City council has been prudent in retreating on its capital spending plans. But that doesn’t mean community supporters of such projects as a performing arts centre, a 50-metre pool and a new north-side rink should abandon their hopes.

City council has been prudent in retreating on its capital spending plans.

But that doesn’t mean community supporters of such projects as a performing arts centre, a 50-metre pool and a new north-side rink should abandon their hopes.

The $108-million capital budget approved on Monday by Red Deer city council is a mere shadow of the $473-million capital budget of a year ago.

The new spending plans reflect the current economic conditions, the constricted nature of provincial grants and the tolerance of local taxpayers for increased taxes. (Although it should be noted that operating expenses, to be determined during budget talks in the new year, will play a more fundamental role in setting municipal tax rates.)

The priorities — such basics as the north connector road and waste and water services — are essential to ensure we’re ready for a resurgence in growth when it occurs.

And even as the economy shows a glimmer of that resurgency, local unemployment rates remain alarmingly high and area economic growth has been sluggish at best.

In such a climate, the city can ill-afford to bullishly push secondary projects onto the agenda.

That means 66 projects have been delayed, and some have been pushed right out of the 10-year window. Chief among them is the pool project and the arts centre.

That doesn’t mean those projects are out of reach; economic conditions can turn and projects can be revived. And on Monday, council agreed, at Gail Parks’ suggestion, to put $200,000 toward planning the Central Alberta Aquatics Centre.

Certainly some of these projects have an intrinsic value in the community: health, fitness and the arts are all critical in maintaining quality of life. If quality of life diminishes too significantly in Red Deer, people will simply pack up and leave.

Such projects are also key components in ensuring continued economic growth: industry looking to relocate or expand seeks communities with a broad range of amenities and services.
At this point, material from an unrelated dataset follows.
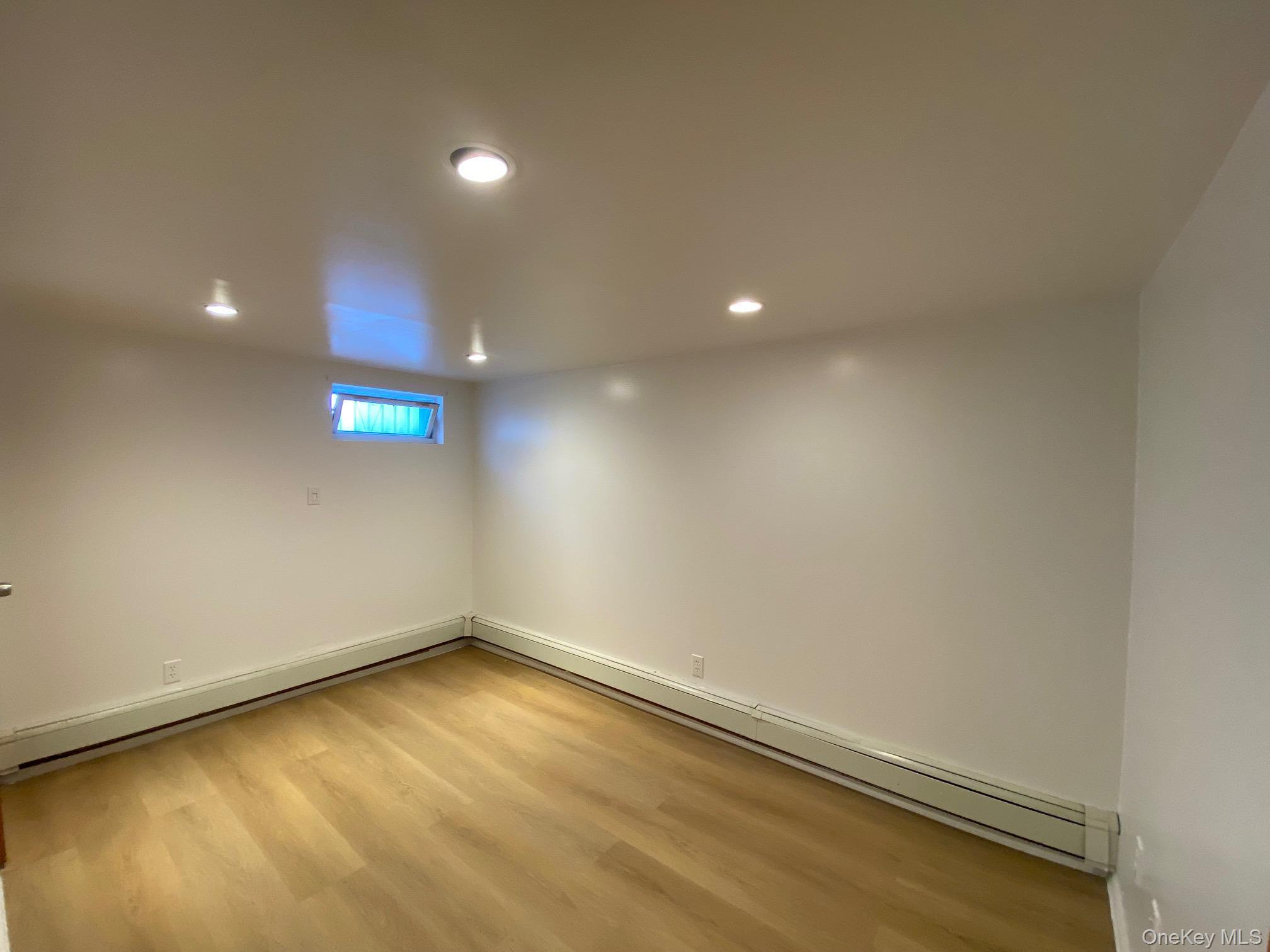 Single Family 86th Avenue Queens, NY 11426, MLS-1037513-12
If you can’t entice employees to a community, you can’t set up shop.

All of which means that some of the projects that city council has been forced to defer should be scooped up by others, both in terms of planning and — more critically — funding. The shared benefits of such projects should dictate a shared responsibility.

Public and corporate participation in major projects is common in this community, from the $2.1 million the United Way seeks to raise this year to the $12 million needed to construct the Ronald McDonald House to the millions Red Deer College has solicited — and received — for its multi-phased expansion.

The Collicutt Centre was built with significant community and corporate help.

Those kinds of concerted and organized efforts require significant planning, public support, commitment by volunteers and corporate sponsors, and time and skill donated by professionals in the community.

A concerted effort has been made by proponents of the Central Alberta Aquatics Centre to push the project. Perhaps it is time to take the next step — on their own. With $200,000 in hand from the city, build partnerships (perhaps with the college as it embarks on the next phase of its expansion, its health and wellness wing), seek corporate sponsors and drive the project forward.

Similar efforts can be made on behalf of other projects. If minor hockey needs more ice, then perhaps it is time to seek private and corporate funding to expand the G.H. Dawe Centre. If the performing arts community needs a new venue, perhaps it is time to look for benefactors.

The city’s leaders have planted some seed money for the pool project. Let’s see if that seed can grow into something concrete — and inspire other such efforts.

John Stewart is the Advocate’s managing editor.